# Excel files
By the end of this lecture you will be able to:
- read an Excel worksheet into a `DataFrame`
- choose which engine to use when reading `DataFrames`
- read multiple Excel worksheets into a `dict`
- writing to an Excel worksheet
- adding conditional formatting and sparklines

In [None]:
from pathlib import Path

import polars as pl

In [None]:
csv_file = "../data/titanic.csv"

## Creating an Excel file
In this IO section of the course we use the CSV datasets to create datasets in other formats. We write these datasets to a new `data_files` sub-directory of this directory (i.e. 07_io).

We first create a simple Excel file with one worksheet from the Titanic CSV file. 

To write to an Excel file we need to have the XlsxWriter package installed. XlsxWriter should have been installed when you initially created the virtual environment but you can `pip` install it now if you don't have it.

We set the path to our CSV file and the Excel file that we will create in a sub-directory

To create the path to the Excel file we:
- create a `Path` object using the `Path` function from Python's built-in `pathlib` module
- call `mkdir` on the `Path` object to create the sub-directory and any parent sub-directories required
- create a `Path` object to the new Excel file

In [None]:
# Specify a directory to hold the excel files as a Path object
excel_titanic_dir = Path('data_files/excel/titanic')
# Set the file name of the Excel file
excelFile = "titanic.xlsx"
# Create the Titanic sub-directory if it doesn't exist already
excel_titanic_dir.mkdir(parents=True,exist_ok=True)
# Set the path to the Titanic excel file
titanic_excel_path = excel_titanic_dir / excelFile

We now create the Excel file at this `Path`.

We read the CSV into a `DataFrame` and write it to a .xlsx file

In [None]:
df = pl.read_csv(csv_file)
df.write_excel(titanic_excel_path)

We cover writing to Excel in more detail below.

## Reading from a spreadsheet
In the simplest cases we can just read the first sheet in the file with `pl.read_excel`

In [None]:
df = pl.read_excel(titanic_excel_path)
df.head(2)

Reading Excel files happens in eager mode only, we cannot do a lazy scan of an Excel file.


### Choosing the engine
Polars uses third party libraries to parse the Excel file. The library used to parse the Excel file is called the *engine* in Polars. The current options are:
- xlsx2csv (the current default)
- openpyxl
- pyxlsb (for Excel binary worksbooks only)
- calamine


To specify the engine you pass the `engine` argument. Here we use the calamine engine

In [None]:
df = pl.read_excel(titanic_excel_path,engine="calamine")
df.head(2)

We look at the two primary engines in more detail 
#### xlsx2csv
This is the current  default (though calamine will likely become the default at some point)
When we call `pl.read_excel` with the xlsx2csv engine:
- Polars passes the path to the Excel file to the xlsx2csv package 
- xlsx2csv parses the XML and converts it to a CSV in-memory
- Polars parses the CSV with `pl.read_csv`

##### Parsing the XML with xlsx2csv
We can pass arguments to xlsx2csv to control how it parses the XML. These options include:
- specifying the date format with `DATEFORMAT %Y/%m/%d`
- specifying the format for floats with `FLOATFORMAT %.15f`
- skip empty lines

See https://github.com/dilshod/xlsx2csv for the full set of options.

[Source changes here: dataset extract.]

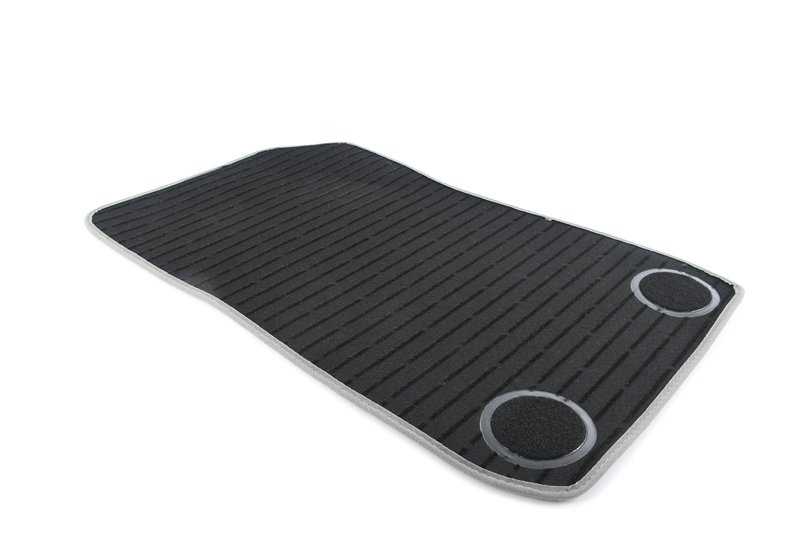 Alfombrillas originales velours OEM 51477316614 para BMW Serie 3 Cabrio y M3 Cabrio (E93). Juego de 4 piezas (delanteras y traseras). Disponible en varios colores. Original BMW.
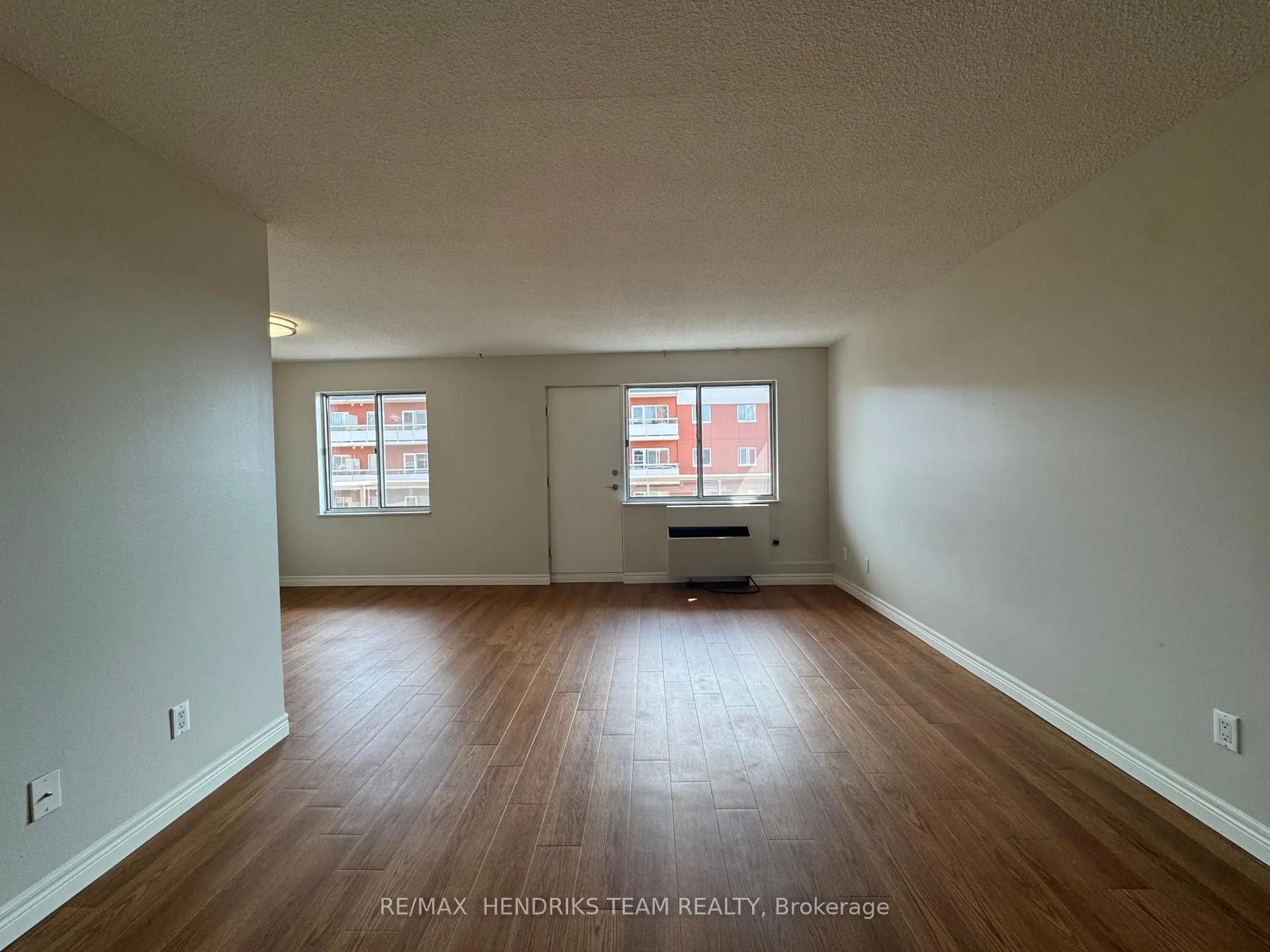 Photo 5 of Unit 803, 610 Lake Street, St. Catharines, Lakeport — HOMEH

We pass these arguments as a `dict` to the `engine_options` argument

In [None]:
(
    pl.read_excel(
        titanic_excel_path,
        engine_options =
            {
                "skip_empty_lines": True,
            }
    )
    .head(2)
)

Once xlsx2csv has created the CSV we can pass arguments that we would pass to `pl.read_csv`.

In this example we rename the first column using `new_columns`

In [None]:
(
    pl.read_excel(
        titanic_excel_path,
        read_options =
            {
                "new_columns":["Id"]
            }
    )
    .head(2)
)

### calamine
The calamine engine relies on two Rust crates (where crates are the Rust equivalent of Python packages):
- calamine which parses the spreadsheet and
- fastexcel which converts the data to an Apache Arrow table

To use calamine you must also have the fastexcel library installed. If this was not installed when you started the course you can do so now with `pip install fastexcel`. 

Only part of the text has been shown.